===== Data for this exercise =====
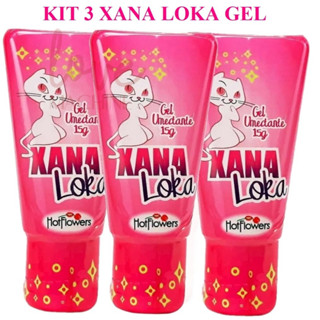 Kit 3 Xana Loka Gel Excitante Feminino Hotflowers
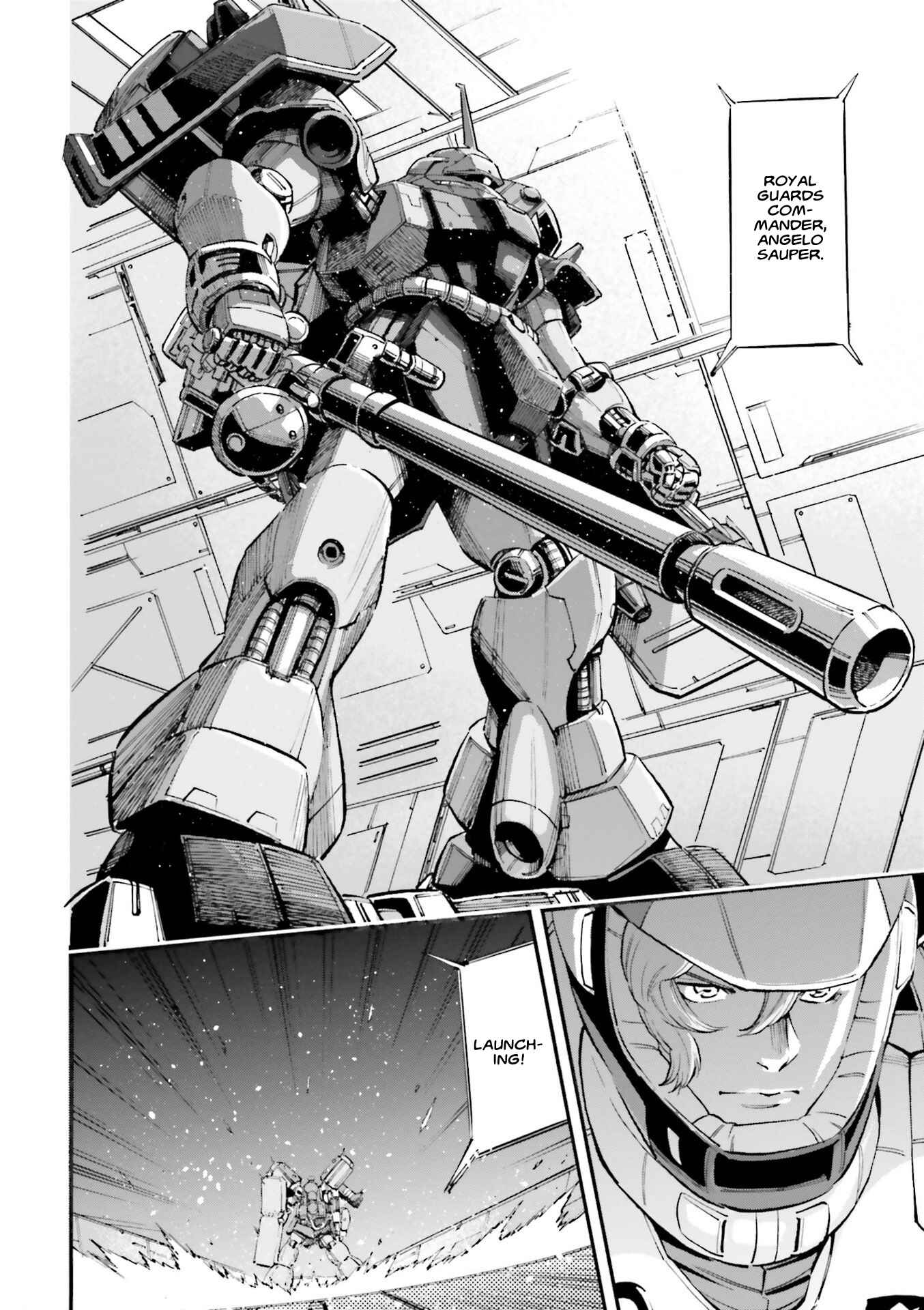 Page 4 Chapter 8 Mobile Suit Gundam UC (Unicorn) - Bande Dessinée: Episode 0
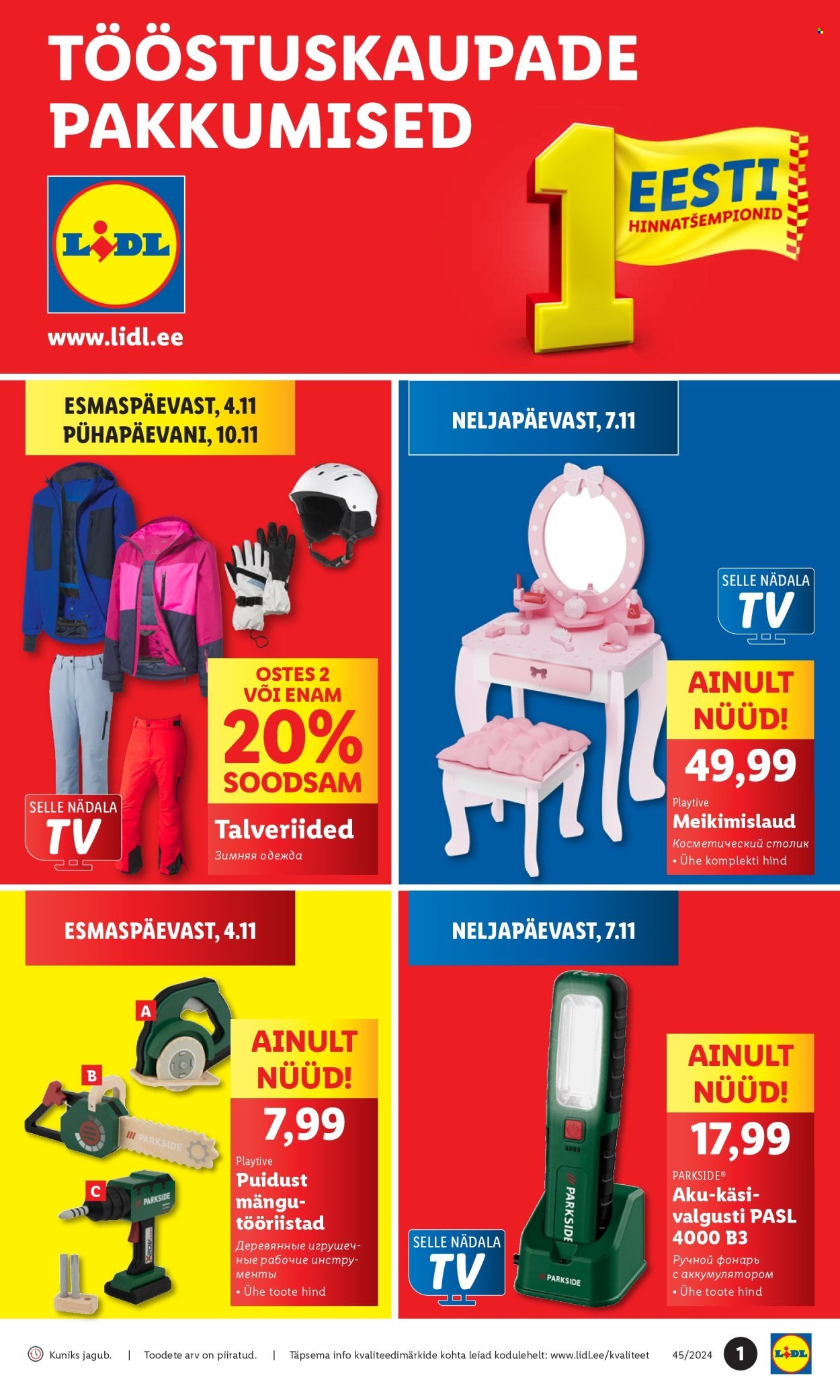 lidl - Lidl kliendileht - Tööstuskaupade pakkumised (4.11 - 10.11.2024)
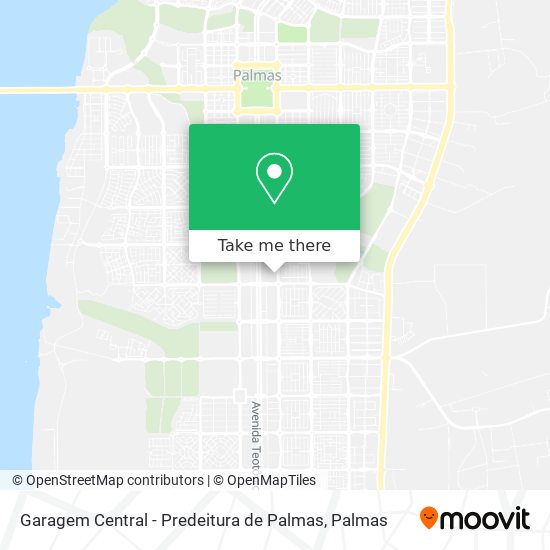 Garagem Central - Predeitura de Palmas map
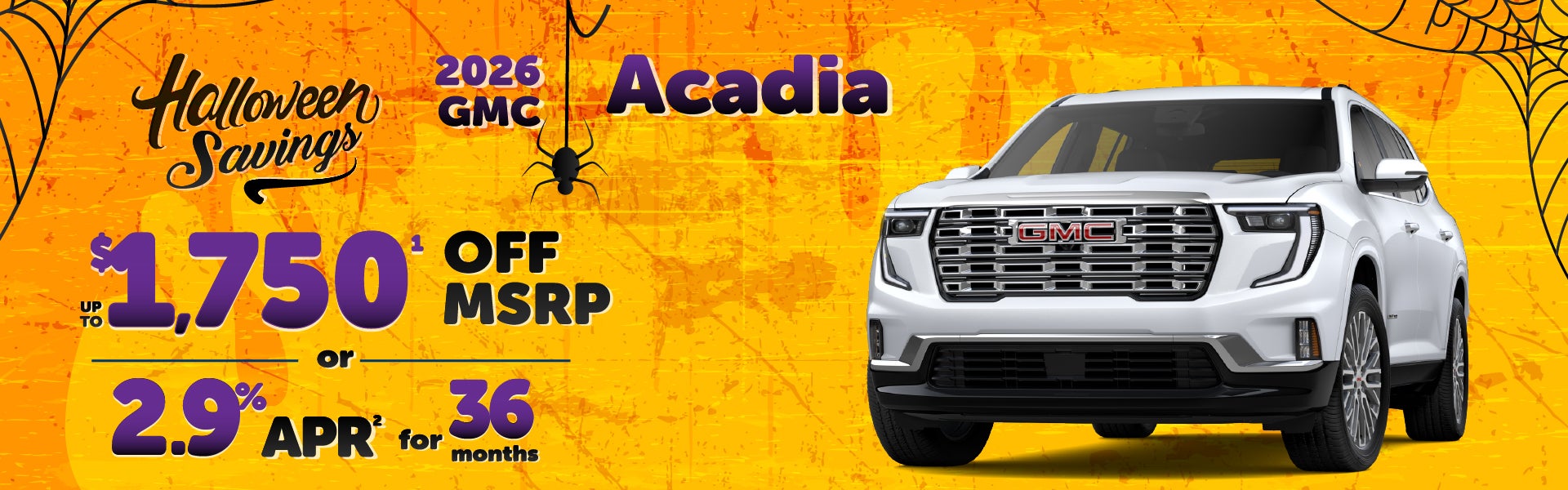 2026 GMC Acadia - up to $1750 off MSRP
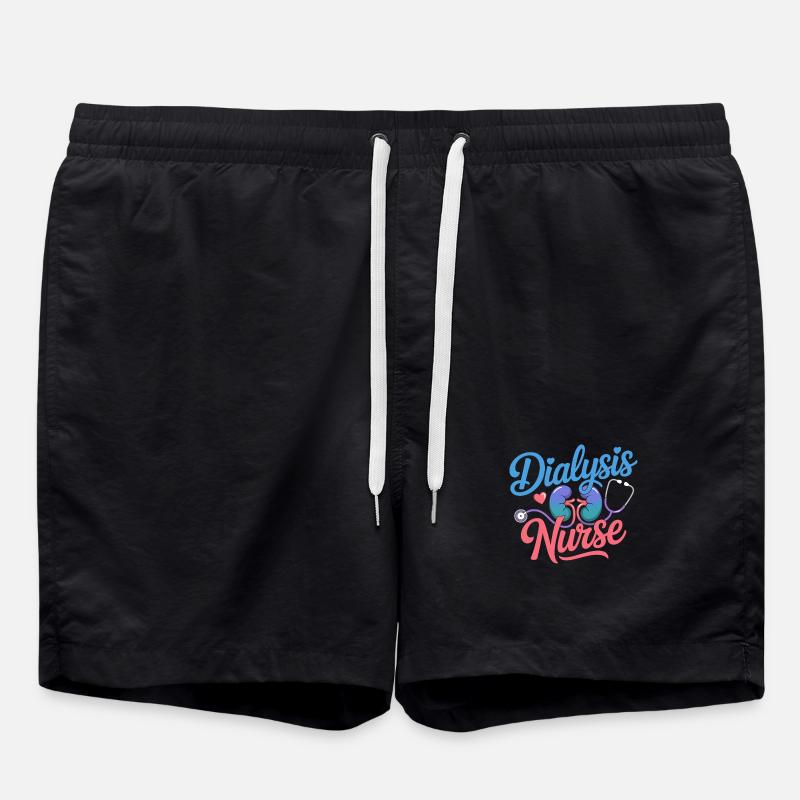 Dialyse Pflegekraft Design - Badeshorts - Schwarz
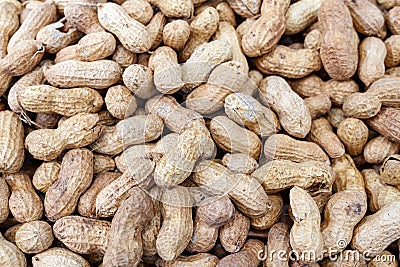 Peanuts or groundnuts in shell Stock Photo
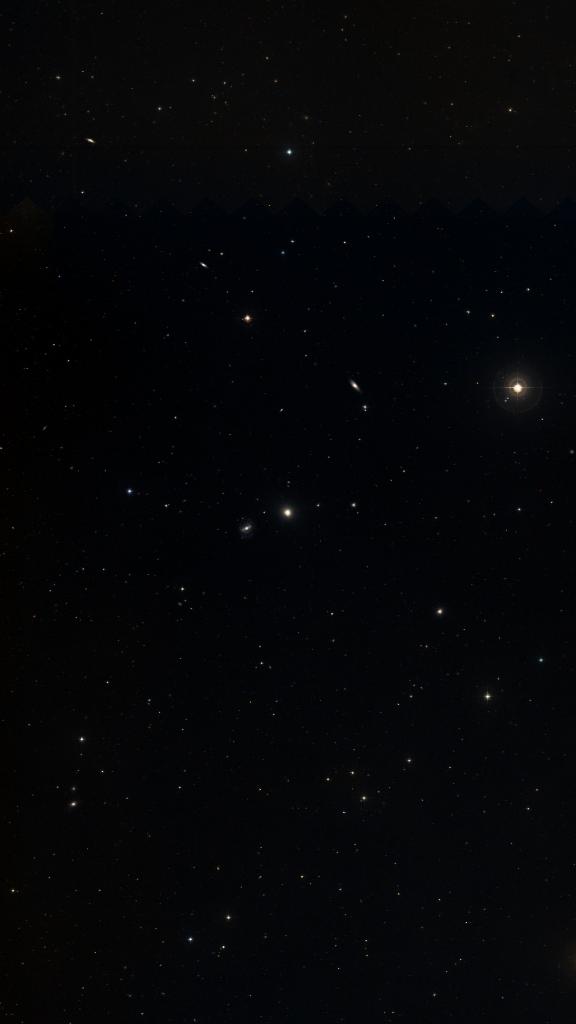 Le ciel autour de NGC 5846, cadré au champ de Seestar S30 Pro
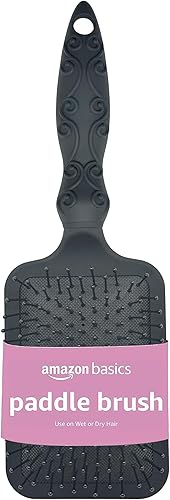 Amazon Basics Cepillo de paleta para el cabello, desenredante suave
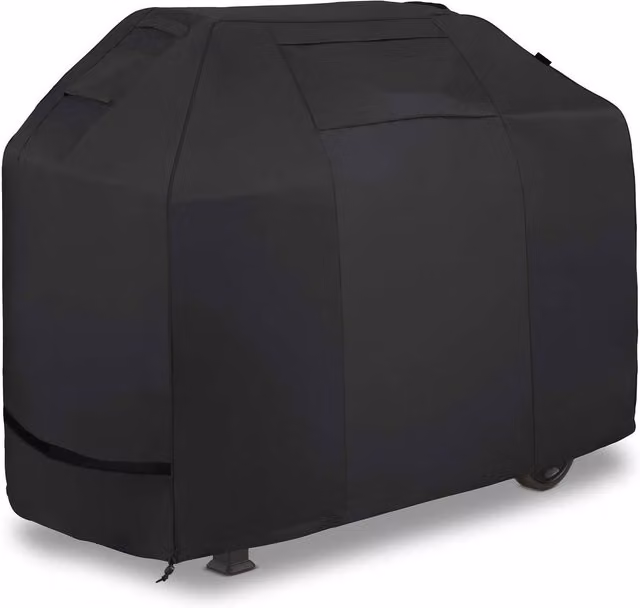 VonHaus Medium BBQ Cover in Black PVC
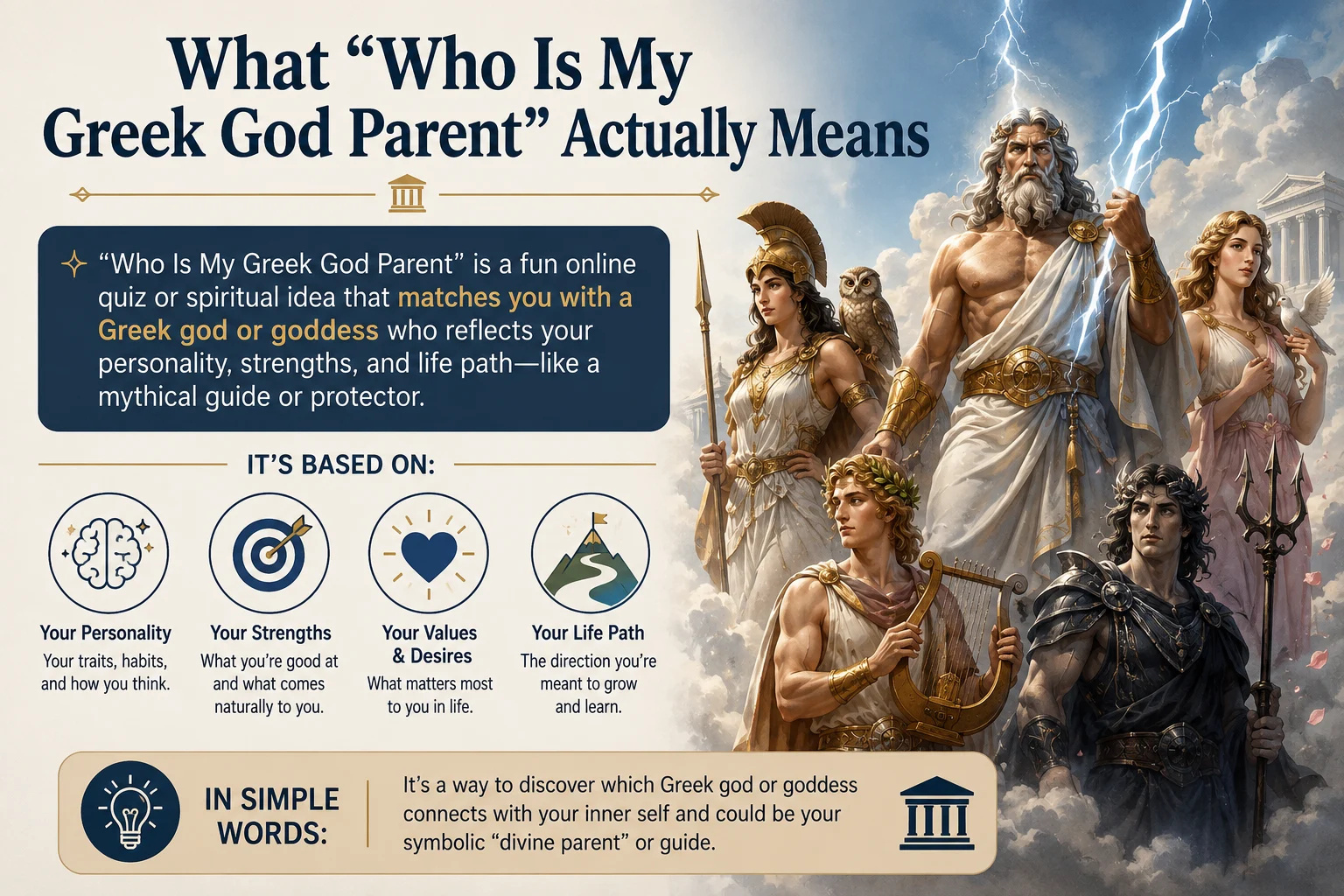What "Who Is My Greek God Parent" Actually Means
=====
◆ **Work order**
Print exactly the lines between the line containing "Amazon Basics Cepillo" and the last line of the entries above, including both, and nothing besides; skip the pictures.

◆ **Task solution**
 Amazon Basics Cepillo de paleta para el cabello, desenredante suave
 VonHaus Medium BBQ Cover in Black PVC
What "Who Is My Greek God Parent" Actually Means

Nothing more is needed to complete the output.